Debbie MacDonald reads from a “scroll” which identifies one story from the larger narrative of how Indigenous people were dispossessed of their land. Photo by Mary Main.

It was not until a fourth year university class on “Genocide and War Crimes in the Twentieth Century” when I first recall discussing the now notorious residential schools policy. My professor led us in discussions of global events, but then always brought the issues back to Canada. I remember being shocked and ashamed when he went into depth about Canada’s treatment of Indigenous peoples, especially in the context of the residential schools. The experience left me with significant questions, notably, “How could this have happened?” and “Why am I just hearing about this now?” This class also left me with a determination to tell others about this side of Canadian history.

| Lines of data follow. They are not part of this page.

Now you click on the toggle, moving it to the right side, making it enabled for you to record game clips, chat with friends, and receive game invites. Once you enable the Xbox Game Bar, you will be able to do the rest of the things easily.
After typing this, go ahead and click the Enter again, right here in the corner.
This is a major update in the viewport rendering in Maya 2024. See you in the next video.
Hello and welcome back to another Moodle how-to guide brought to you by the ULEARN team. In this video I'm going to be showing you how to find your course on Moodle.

But back to the blanket exercise and prospects for reconciliation …  The exercise speaks loudly of the need to listen and try to understand Canadian history from the perspective of Indigenous peoples. It also serves as a call to action. The apology expressed by Prime Minister Harper in 2008 on behalf of the Government of Canada for the residential schools and the initiation of the Truth and Reconciliation Commission were essential first steps for rebuilding relationships and helping lay the ground work for reconciliation. But now the real work begins – for us all.

We don’t necessarily know what this will look like in the coming months and years, but one way to begin is to both listen and intentionally talk about these issues whenever we can: in our churches, in schools, as part of community gatherings, as part of our advocacy campaigns.

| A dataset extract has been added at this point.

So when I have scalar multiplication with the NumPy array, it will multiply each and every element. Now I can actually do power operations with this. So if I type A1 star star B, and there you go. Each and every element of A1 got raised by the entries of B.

I’m grateful to have participated in the blanket exercise and to witness its impact on others in my home province as well. I’m also grateful for the chance to visit the familiar while continuing to gain a new and deeper understanding of the history of my country. I hope and pray we can keep this conversation going and see real change – all across this amazing land.

By Rebekah Sears, policy analyst for the MCC Ottawa Office. She is originally from Fredericton, New Brunswick.